He had a thick moustache which was curtailed severely in line with the outer limits of his great red mouth. His eyes were bloodshot and full of stoically endured pain which only tsunamic revenge and the grovelling apologies of world leaders could hope to cure. Hard wrinkles added a sculpturesque emphasis to a frowning forehead, under a symmetrical haircut combed back like a rinsed paintbrush.
I’m pretty sure it’s only possible to write two sentences about this book without spoiling the story.
Michel Faber has a knack for describing human beings in a way that makes you feel simultaneously affectionate and amused. He picks out the tiny, ridiculous details of the way people speak, act, and style their moustaches.
If you don’t want any spoilers, look away now! And preferably order the book; it’s great.
Michel Faber’s best-known novel is The Crimson Petal and the White, a saga about a Victorian sex worker which has been described as the book Charles Dickens might have written if he could have written about sex. I loved it, although I didn’t agree with the comparison. I don’t think Dickens would have magically started writing complex female characters if he had had fewer taboos to contend with. I can’t imagine him ever writing scenes like the one early in the book in which Sugar thinks she’s managed to have a session with William Rackham that doesn’t involve sex, but then unfortunately finds that he has ‘something else to give her’.
At first sight, Under the Skin is set in a totally different world from The Crimson Petal and the White – the contemporary Scottish highlands, where the heroine, Isserley, feels more kinship with the sheep than with any of the hitchhikers she picks up in her carefully customised car. But Isserley actually reminded me of Sugar in many ways: both are damaged people, both are willing to be brutal, and both can ultimately only rely on their own resourcefulness to find an escape. Some of the reviews suggest that the novel presents an ethical dilemma: how can we sympathise with Isserley when her job involves hunting down human beings and bringing them to the slaughterhouse? Maybe this makes me an alien, but I didn’t have any trouble sympathising with her, and I also didn’t really think this was the point.

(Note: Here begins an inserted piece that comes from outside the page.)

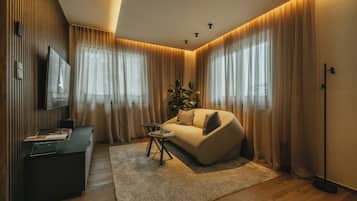 A modern living room with a sofa, a coffee table, a TV, and a plant.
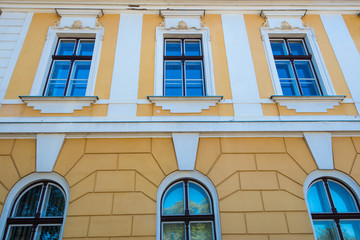 Windows reflecting the blue  sky on an old restored  historical building.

To me, the core of the novel seems to be the conversations which take place in Isserley’s car: each is an example of flawed, ambiguous communication between beings who can only partly understand each other. To find out whether her prey is suitable for the slaughterhouse, Isserley is forced to find out a little about who he is ‘under the skin’, a process of learning which is disturbing and fascinating, both for her and for the reader.
Most of the books I’ve read so far this year have been by women. Michel Faber is one of the few writers who tempt me to hold back from one of those ‘Year of reading women‘ experiments: anyone who wants to write great feminist novels with characters who break the mould can learn something from him.